**DIRECTIONS**
Start at the top of the records and, please, print each line exactly through the line that contains "Arlington model with", leaving out all pictures.

**DATA FOR THIS TASK**
···

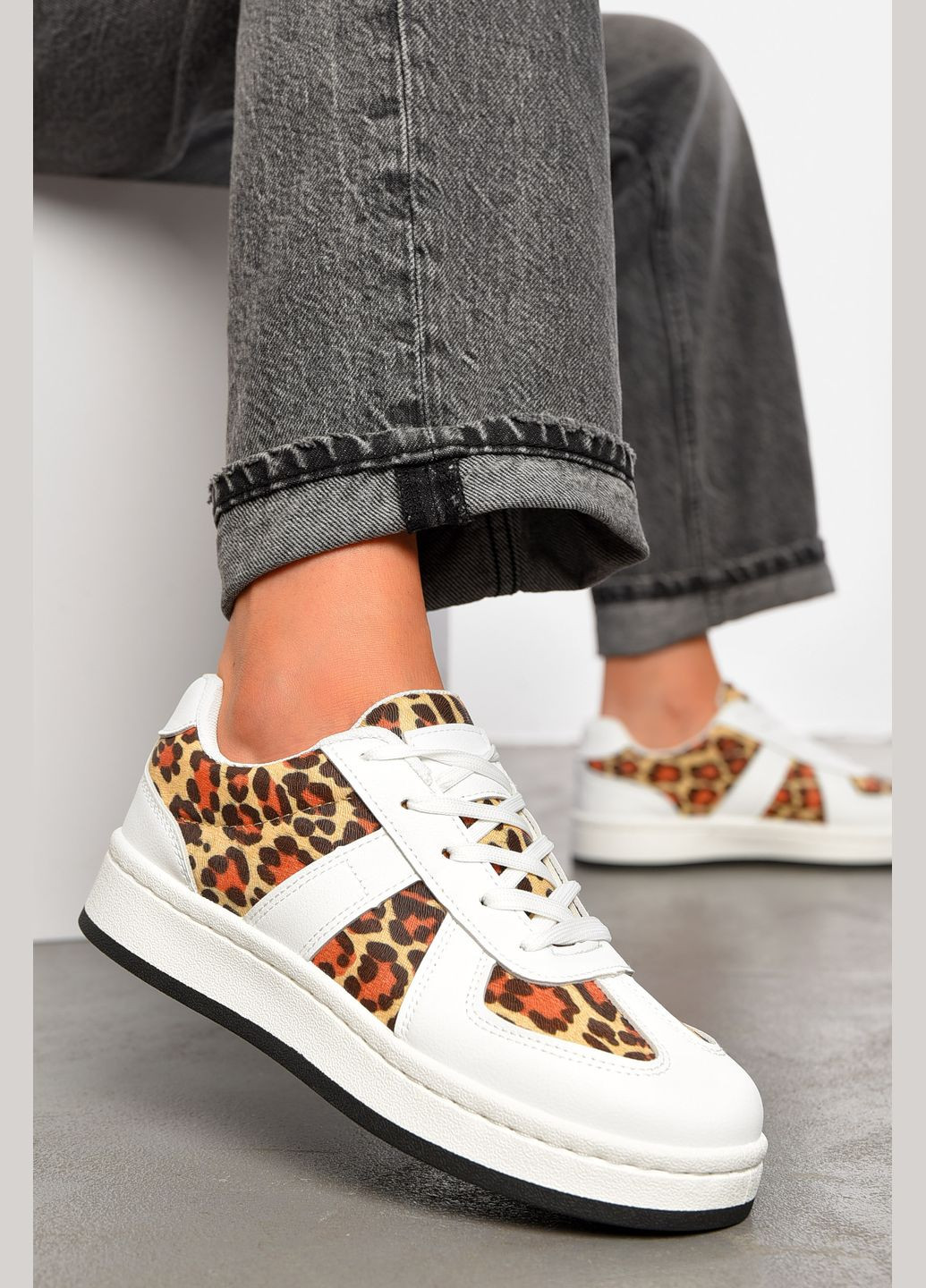 Кросівки жіночі білого кольору на шнурівці Let's Shop білі демісезони (324217647)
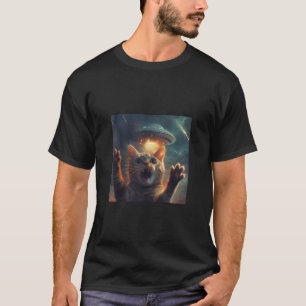 Funny Alien Cat Selfie UFO Encounter Surprised Sca T-Shirt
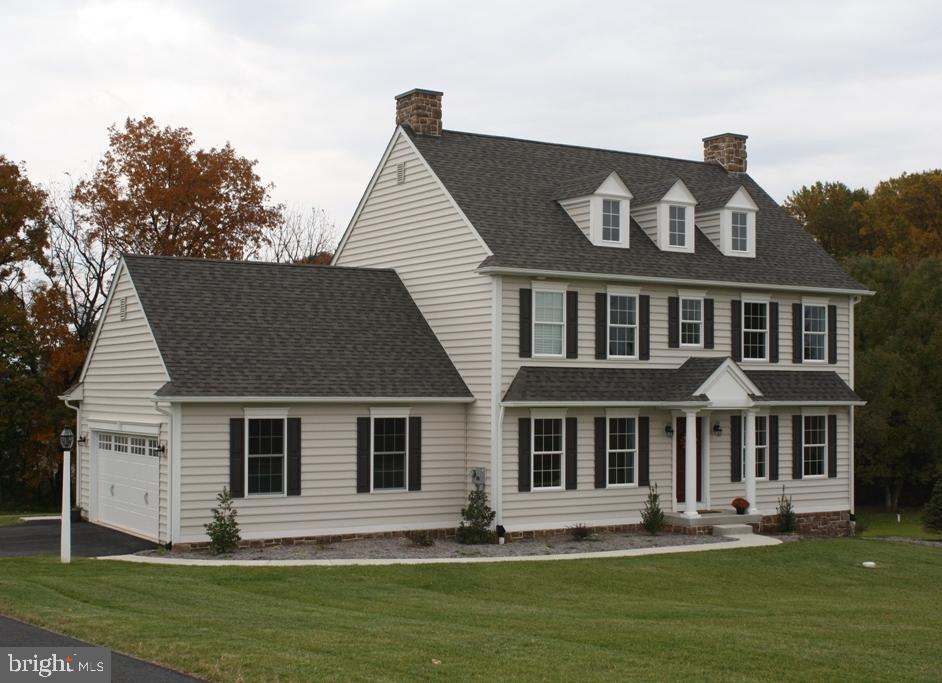Arlington model with no garage to be built to Amish specs. No HVAC or electric. Vinyl flooring throughout. Stained trim and doors on first floor. Extra windows throughout for natural lighting. Great location with low Lancaster County taxes.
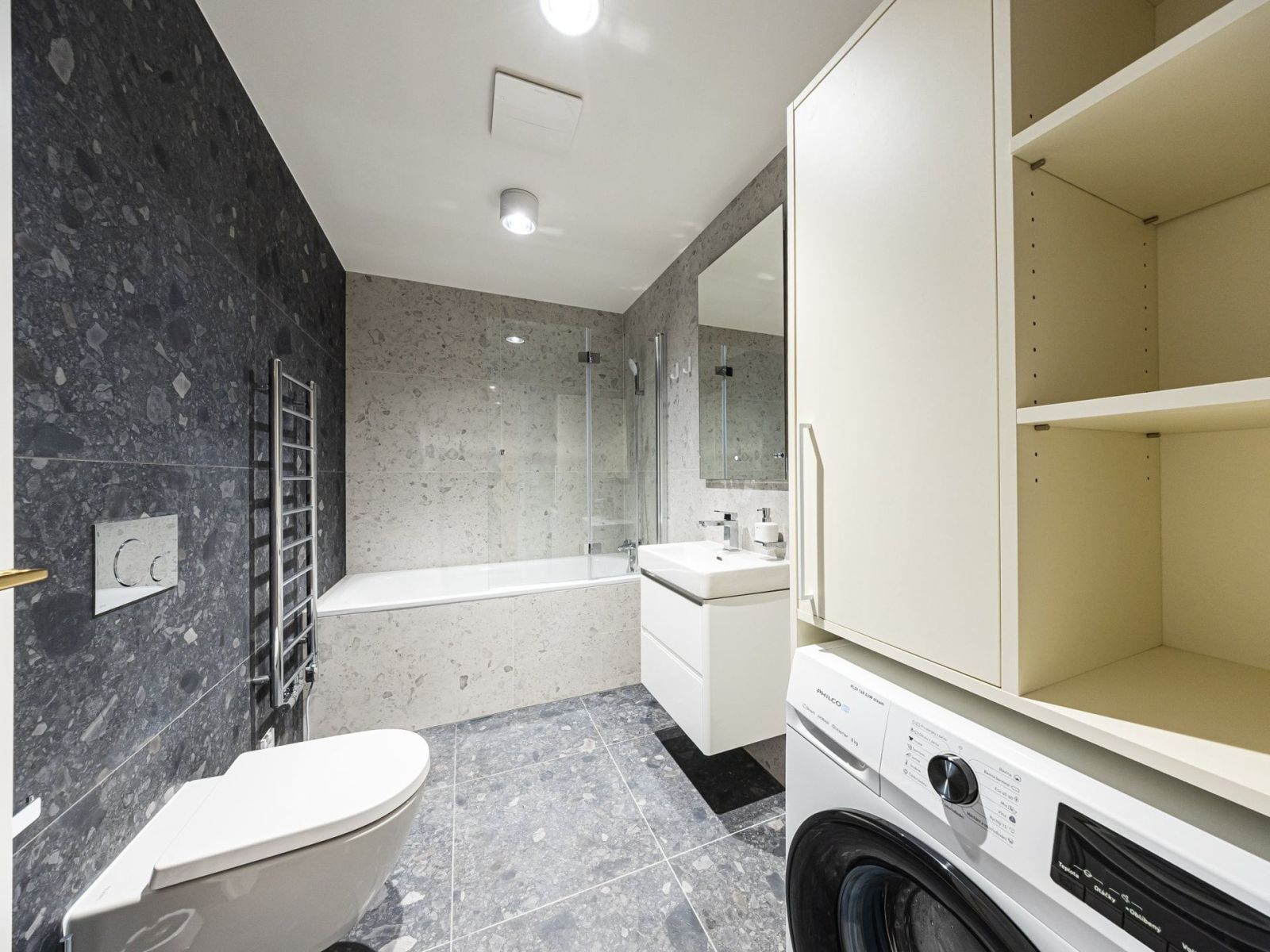 Pronájem bytu 2+kk, 43 m² (6 z 11)
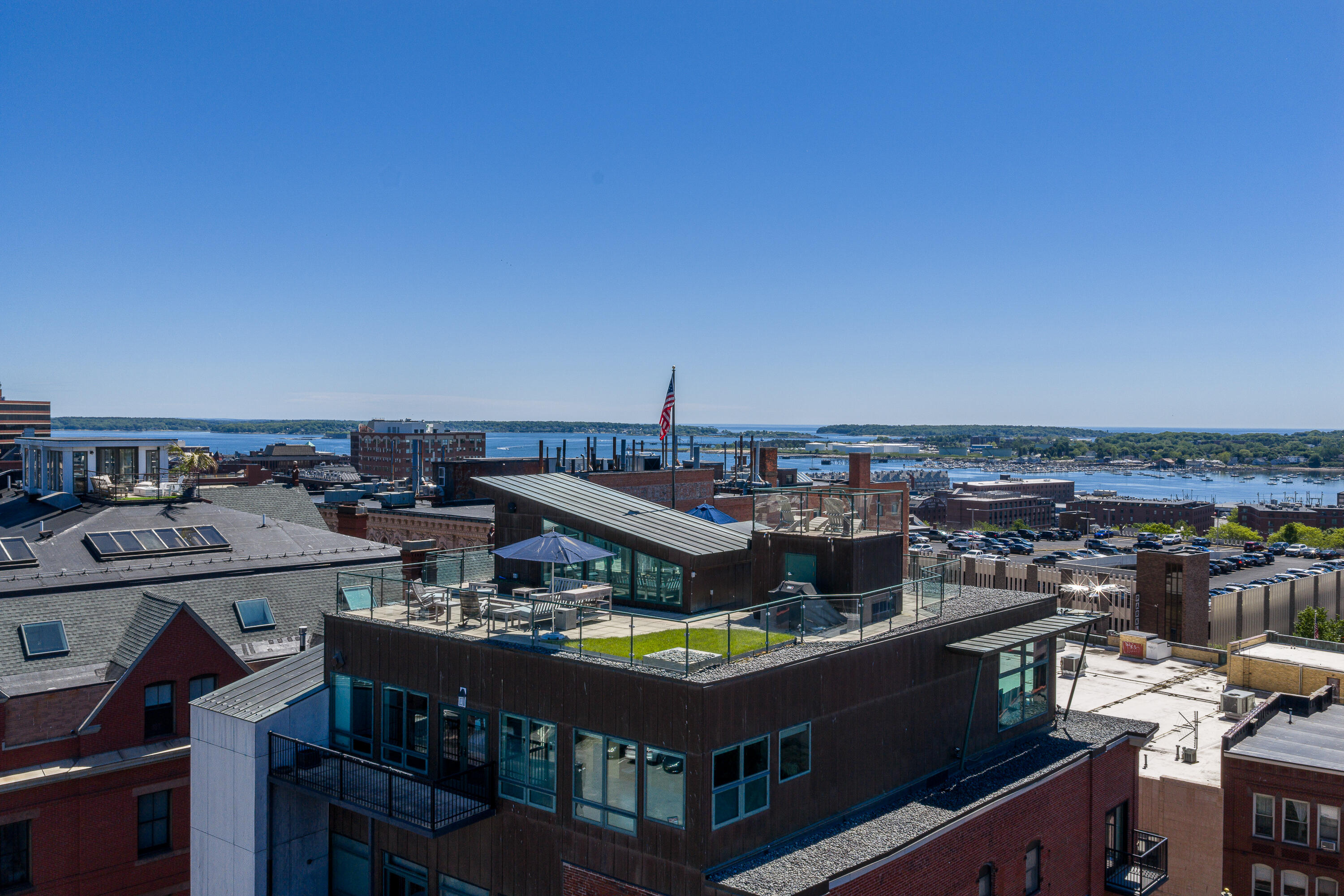 547 Congress Street 6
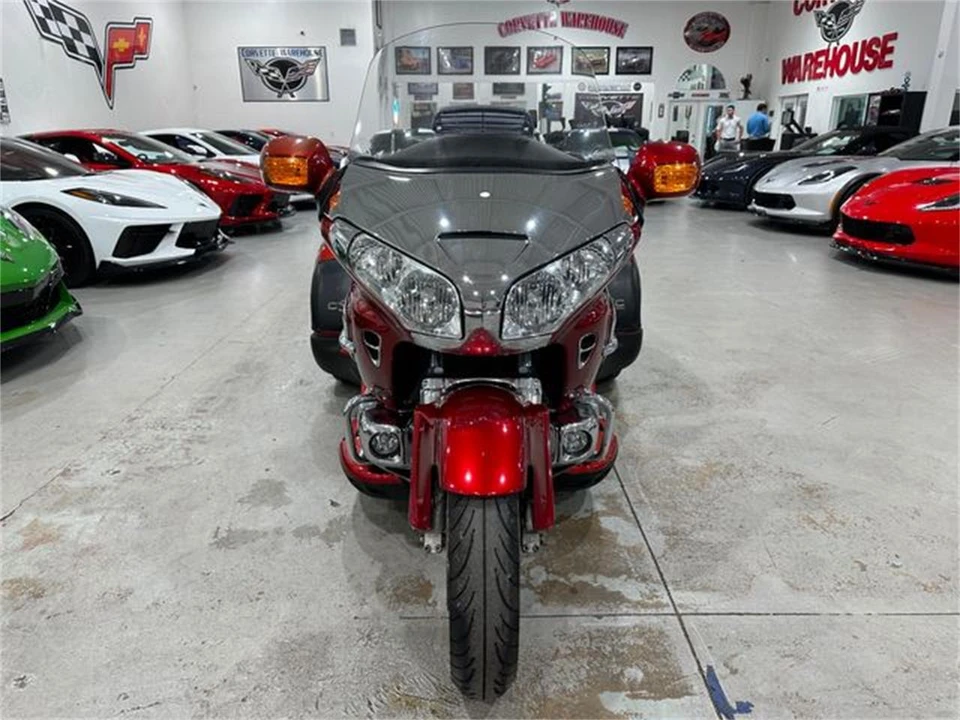 2010 Honda Gold Wing - Image 10 of 24
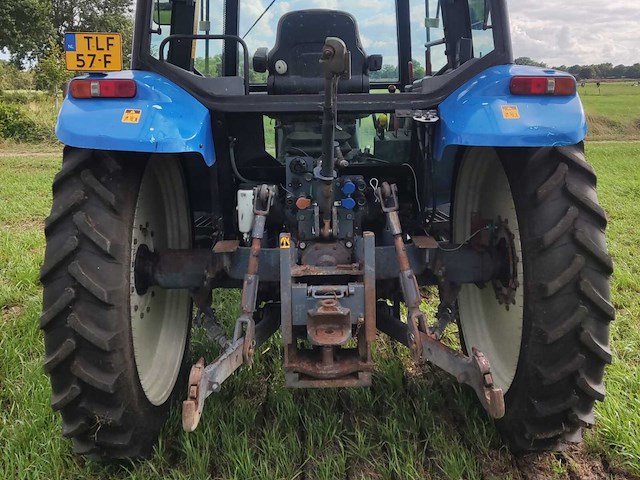 2001 new holland tl90 vierwielaangedreven landbouwtractor - afbeelding 4 van  9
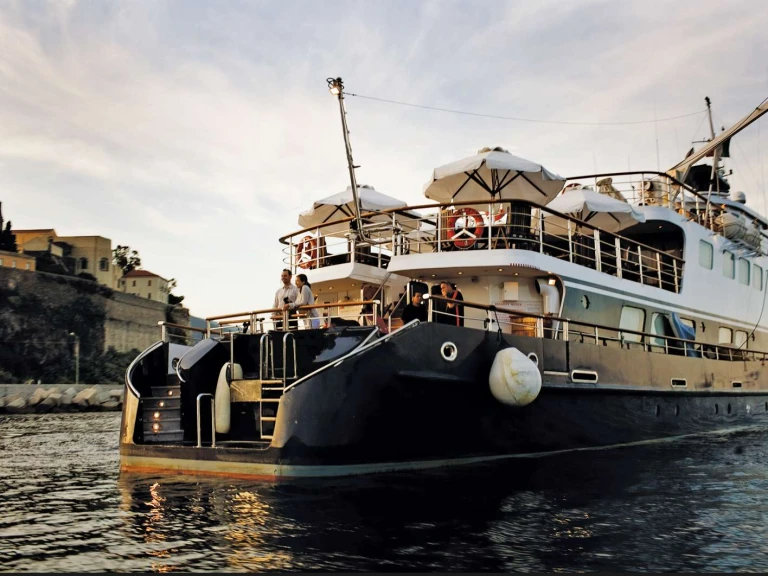 Bareboat Rental Luxury Yacht Custom with a boat licence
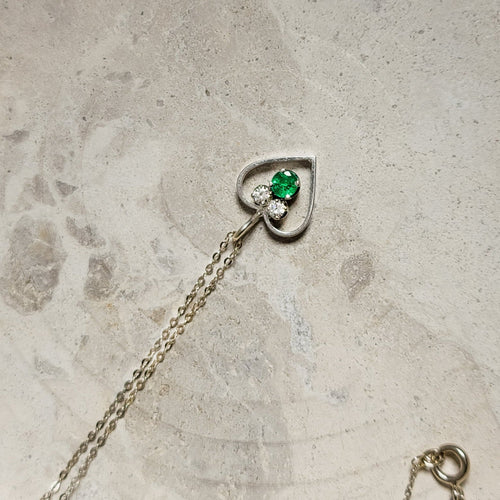 Collier Chaîne en or blanc 14 carats avec pendentif cœur, diamants et émeraude 58 Facettes 2743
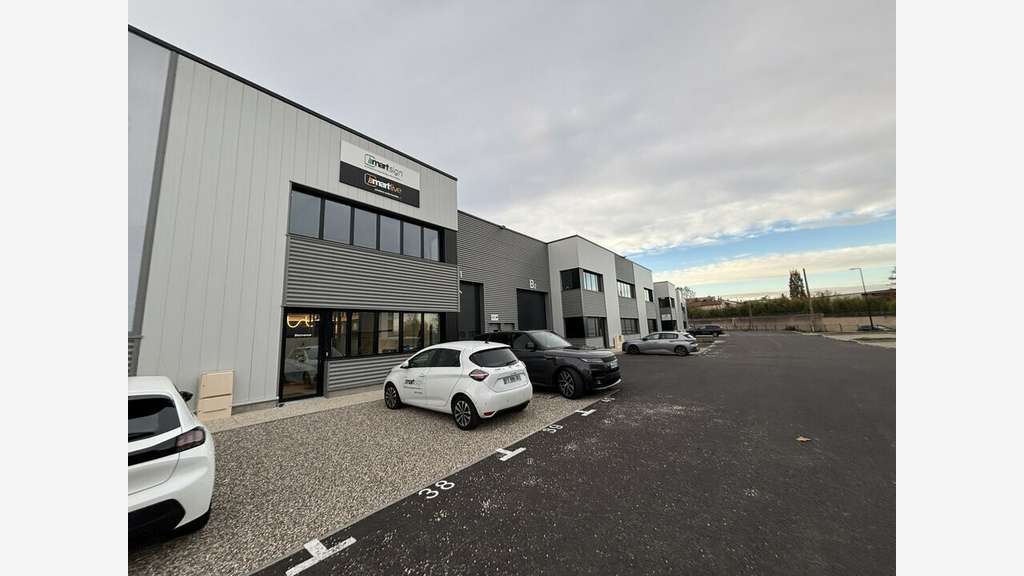 Vente local 4301m² ZI Les Lônes à Pierre-Bénite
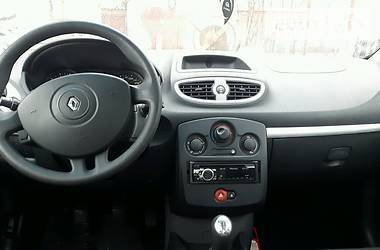 Хэтчбек Renault Clio 2012 в Луцке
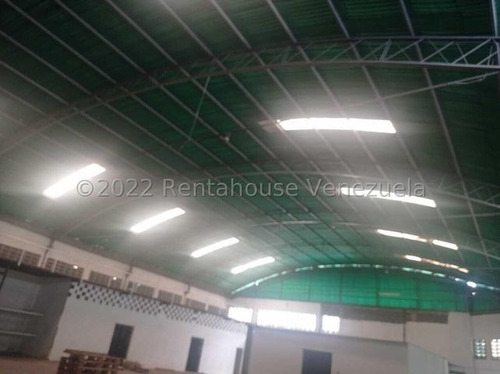 Imagen 2 de 12 de Se Alquila Galpón Comercial#23-13649#veronica Martinez Rent-a-house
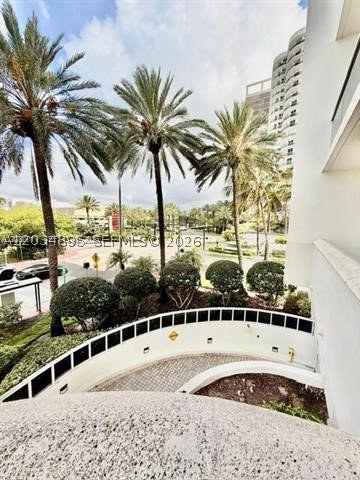 9595 Collins Ave #N2-G Surfside, FL 33154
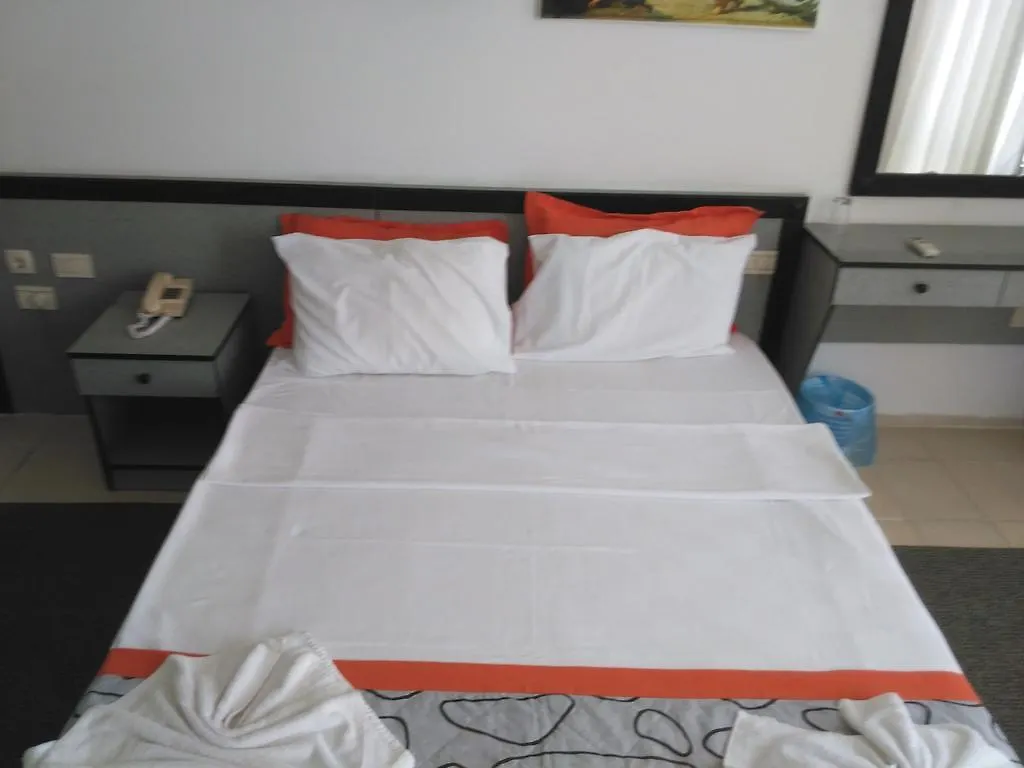 Cemre Hotel Turgutreis 2*,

···

**RESPONSE**
 Кросівки жіночі білого кольору на шнурівці Let's Shop білі демісезони (324217647)
 Funny Alien Cat Selfie UFO Encounter Surprised Sca T-Shirt
Arlington model with no garage to be built to Amish specs. No HVAC or electric. Vinyl flooring throughout. Stained trim and doors on first floor. Extra windows throughout for natural lighting. Great location with low Lancaster County taxes.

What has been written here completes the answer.